**HOW TO COMPLETE THIS TASK**.
Every line below needs to be transcribed without alteration, and no image may be carried over.

**GIVEN MATERIAL**.
####################
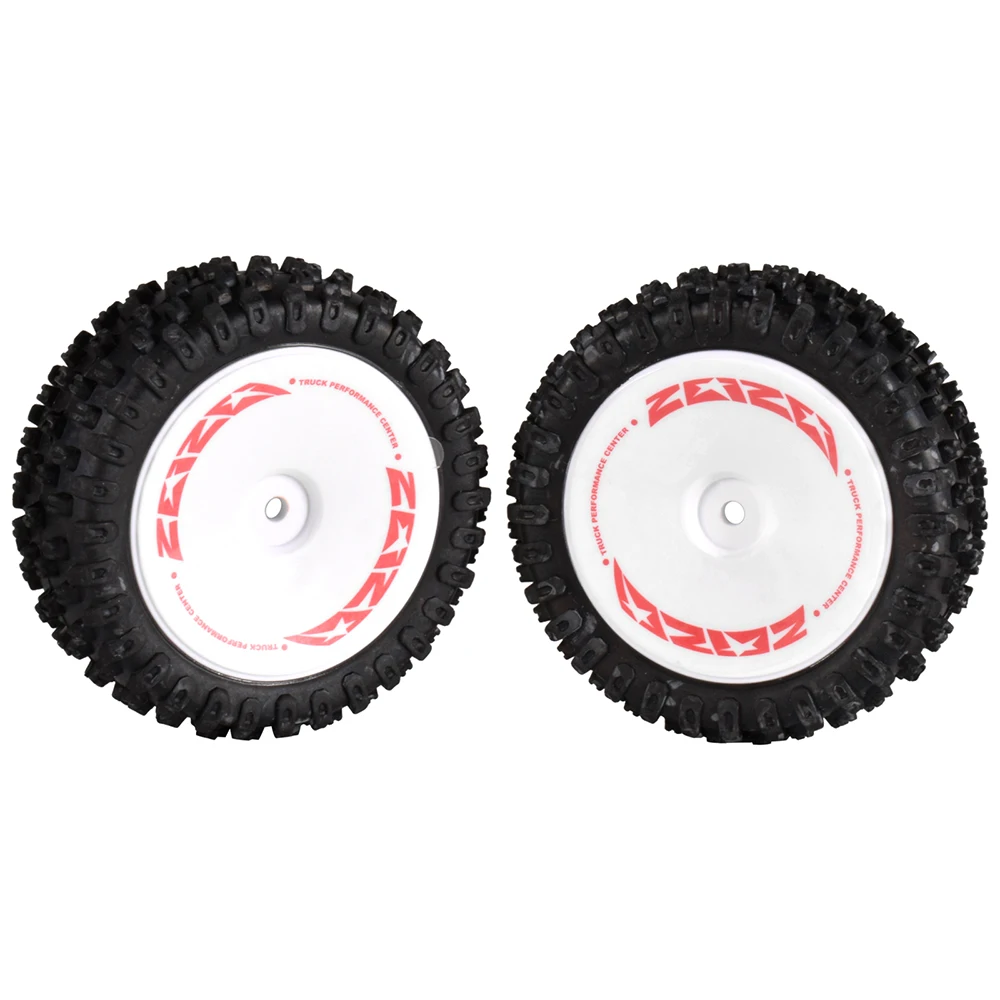 WLtoys 1/12 124008 RC автомобильные запасные части USB зарядное устройство амортизатор
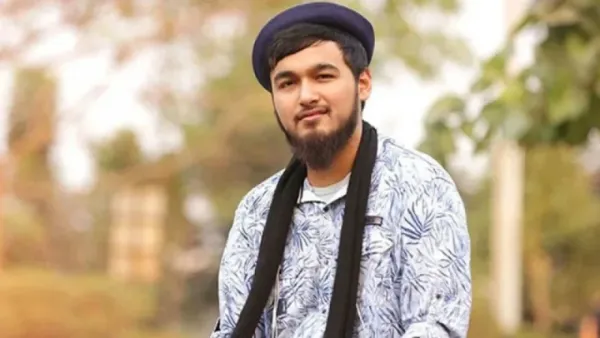 আদালতে চার্জশিট: গান না গেয়ে টাকা আত্মসাৎ করেন নোবেল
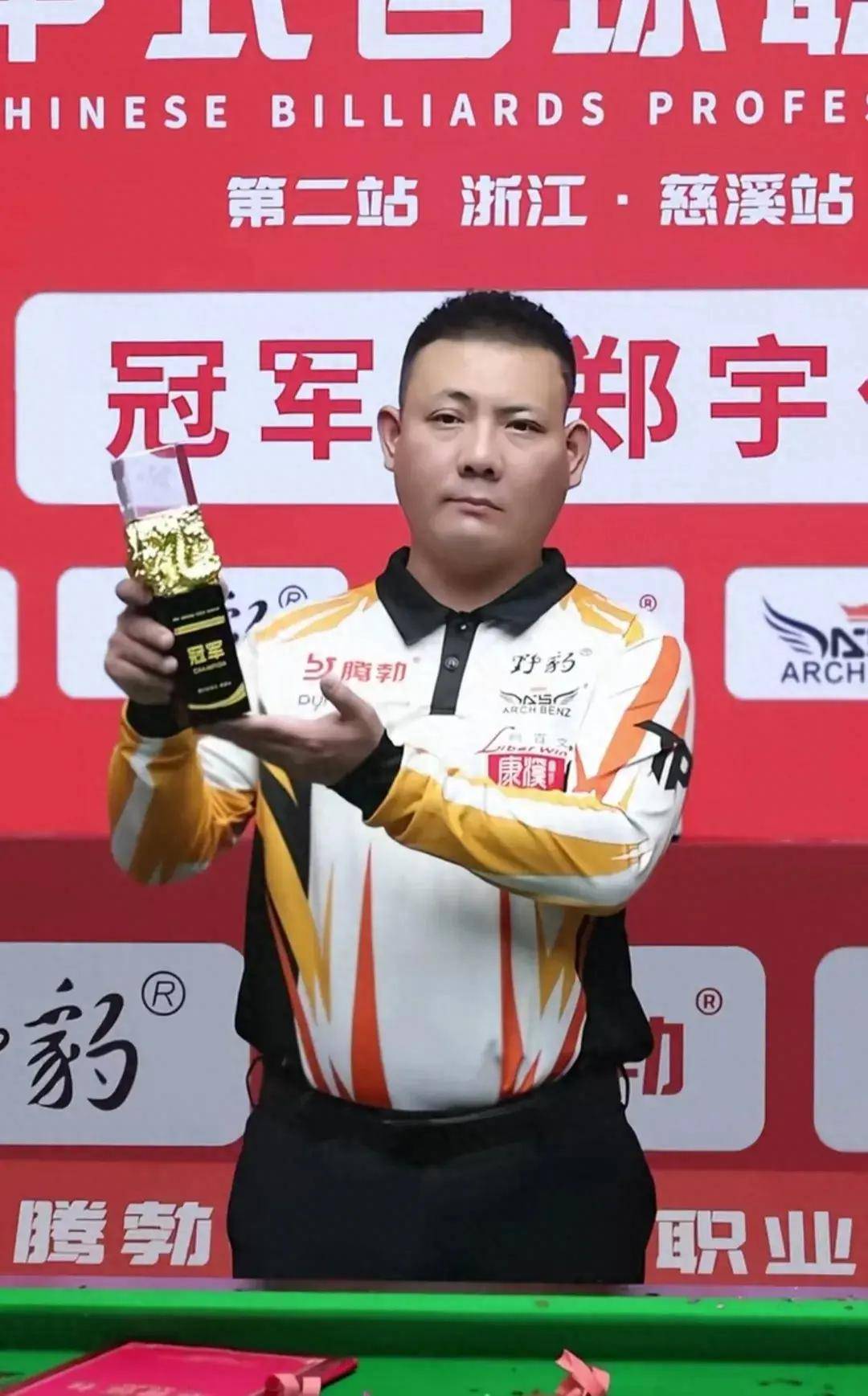 从团队角度 从团队角度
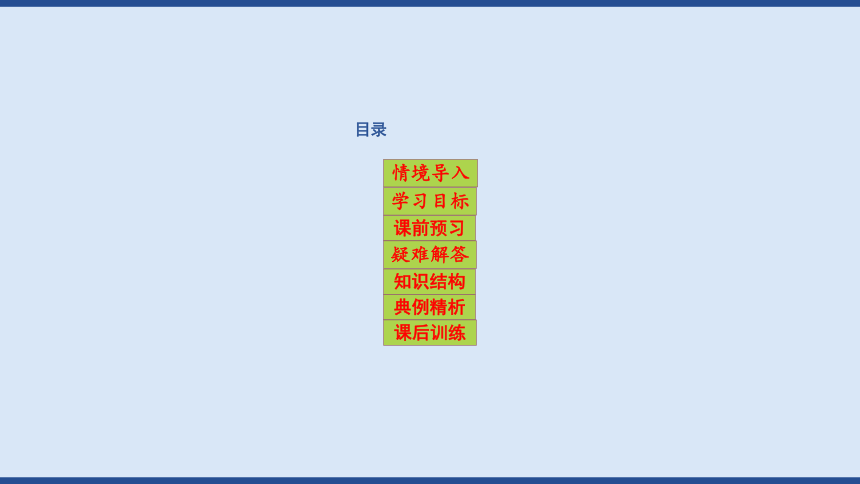 2.2《五彩青春路》   课件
####################
**EXERCISE ANSWER**.
 WLtoys 1/12 124008 RC автомобильные запасные части USB зарядное устройство амортизатор
 আদালতে চার্জশিট: গান না গেয়ে টাকা আত্মসাৎ করেন নোবেল
 从团队角度 从团队角度
 2.2《五彩青春路》   课件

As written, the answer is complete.